Mona Lisa Overdrive by William Gibson (Books 2021, 22)
Talk about not remembering books: I’ve got to ask myself whether I ever did read this one. I remembered one thing from it, but it’s not how I remembered it. When people jack in to the matrix they use headsets – ‘trodes’ – with electrodes that connect to their temples.
There is a transition between the real world and cyberspace when they connect, and I had this memory of one cowboy (people who enter the matrix or cyberspace are called ‘cowboys’ or ‘jockeys’) who had a set of trodes that made the transition feel like the world was falling apart. I’ve been half waiting for that bit through these three books. Here’s a quote:
‘Yes,’ she said, and Tick’s room was gone, its walls a flutter of cards, tumbling and receding, against the bright grid, the towering forms of data.
‘Nice transition, that,’ she heard him say. ‘Built into the trodes, that is. But of drama…’
So that must be the bit I remembered, but if you had asked me I’d have said I thought it came a book or two earlier, and was mentioned more than once.

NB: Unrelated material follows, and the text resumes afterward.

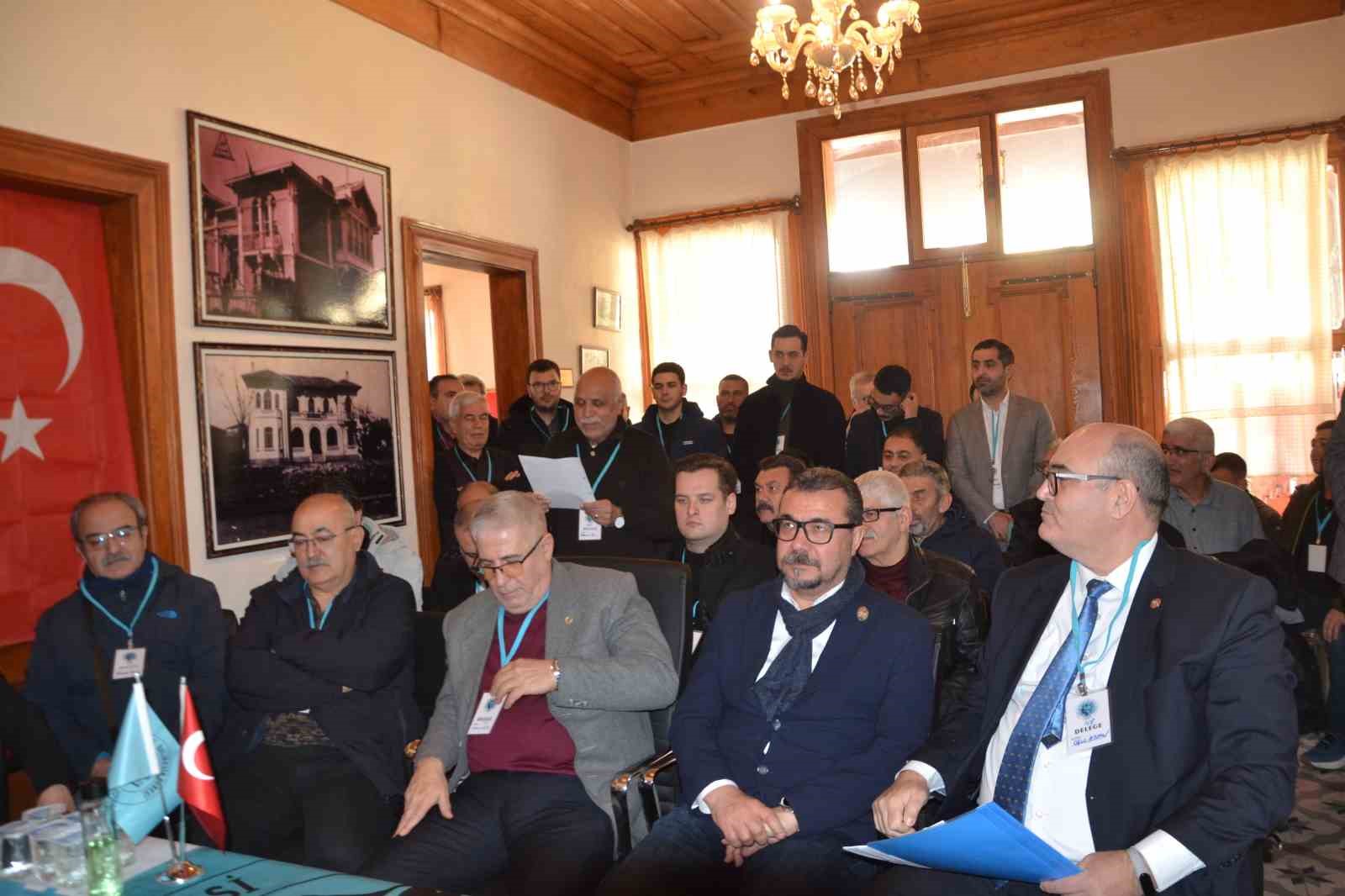 Türk Ocakları Balıkesir Şubesi 16. Olağan Genel Kurulunu yaptı
Türk Ocakları Balıkesir Şubesi 16. Olağan Genel Kurulunu yaptı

But what of the book itself? It keeps up the standard, maybe raises it slightly. We have four interconnected stories, four viewpoint characters, told in alternating chapters. One of the stories – that of Kumiko, who is experiencing the flutter of cards, above – isn’t really relevant, in the sense that it doesn’t drive the plot at all. Things that happen around her do affect the main plot, but she’s not really aware of them.
What surprised me about this and the three books overall, is how much they really are a trilogy. I had the impression that they were considered only to be very loosely connected at best; essentially three stories set in the same milieu. But in fact not only do characters recur, everything here ties back to the events of Neuromancer, which happened some fourteen years before.
All very worth reading if you haven’t already.